Ведь это надо будет сделать — не думаю, чтобы я прожил больше десяти-пятнадцати лет».
Слова о десяти-пятнадцати годах, конечно, для самоуспокоения, может быть, для успокоения жены. Тот, кто рассчитывает прожить десять-пятнадцать лет, не хлопочет о страховании…
В середине ноября, воспользовавшись поездкой Цетлиных в Париж, Серов на несколько дней прервал работу над портретом и отправился в Испанию. Об Испании он мечтал еще в юности, когда писал в Мюнхене копию с веласкесовского портрета.
Но у него никогда ничего не получалось сразу так, как он хотел, легко и просто. Он мечтал об Испании всю жизнь, а Коровин захотел и поехал. Писал испанок Ленору и Ампару, глядящих сквозь жалюзи на улицу из затемненной комнаты; слонялся по каменистым тропам, по которым некогда брел Россинант, неся на себе благородного ламанчского идальго, а следом трусил ослик с толстопузым оруженосцем, изрекающим житейские истины.
Коровин писал этюды, а Серов только рассматривал их, и вдруг, представив себе по ним Испанию, ее раскаленные дороги, высохшую от жары и безводья траву, поблекшее от солнца небо, сделал акварель: Дон-Кихот и Санчо. Это было двадцать пять лет назад, в 1885 году.
И вот лишь теперь, в своей предсмертной жажде жить, наверстать, взять те радости, что упущены, успеть осуществить свои мечты, он поехал в Испанию. Но тоже как-то не сразу. Сначала что-то вроде рекогносцировки…
Он и в Биарриц, собственно, согласился приехать писать портрет отчасти потому, что этот фешенебельный курорт расположен недалеко от испанской границы, а Цетлины просили его распоряжаться их автомобилем по своему усмотрению.
Он в первые же дни успел побывать в пограничных испанских городах: Сен-Себастьяне и Фуэнтеррабиа.
И лишь потом, усилив таким искусственным способом свою тоску, поехал по-настоящему: бродить, смотреть, писать… Теперь он поехал в Мадрид и Толедо.

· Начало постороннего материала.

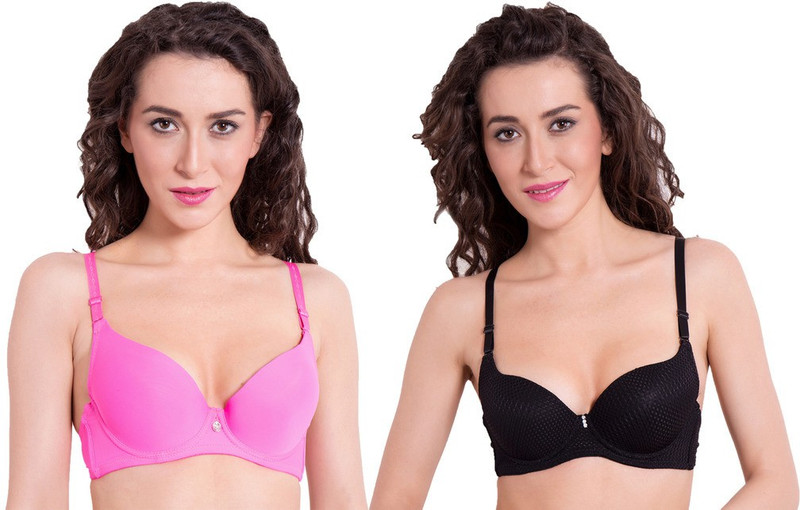 Pavvoin Multi-design push-up Women Push-up Lightly Padded Bra(Black, Pink)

Но Серов в 1910 году уже не тот юноша, который бродил по музеям Голландии, сравнивал картины с живой страной, приходил в восторг и писал об этом длинные восторженные письма. Слишком много он видел за эти годы: Италию, Францию, Германию, Грецию изъездил вдоль и поперек, бывал в Дании и в Австрии.

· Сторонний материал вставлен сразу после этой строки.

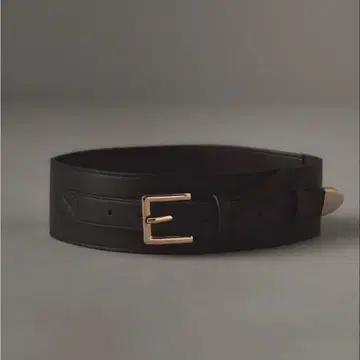EmiliaWiz 블랙 가죽 벨트 (골드 금장 장식)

И он уже немного равнодушно пишет что-то вроде отчетов: то-то понравилось, а вот то-то нет.
Не понравилась архитектура «христианнейшего средневековья», зато понравилась мавританская архитектура Толедо, там же — дом Сервантеса, тоже понравился: «совершенно из Дон-Кихота», в Мадриде смотрел бой быков, ездил в загородный дворец испанских королей Эскориал.
Но главное, конечно, картины. Картинами Серов никогда не уставал восхищаться, сколько бы он их ни видел, а мадридский Прадо — один из величайших музеев мира.
Хорошо посмотреть Веласкеса на его родине, да и Тициан здесь отличный, Мантенья, Дюрер, Рафаэль. Но вот Гойя, великий Гойя, чьи картины, почти все остались в Испании, неожиданно разочаровал. «Гойя… так себе, и даже очень так себе — это гениальный дилетант».
Такие слова Серова о Гойе кажутся поначалу совершенно непостижимыми. Ведь они художники, столь схожие во многом.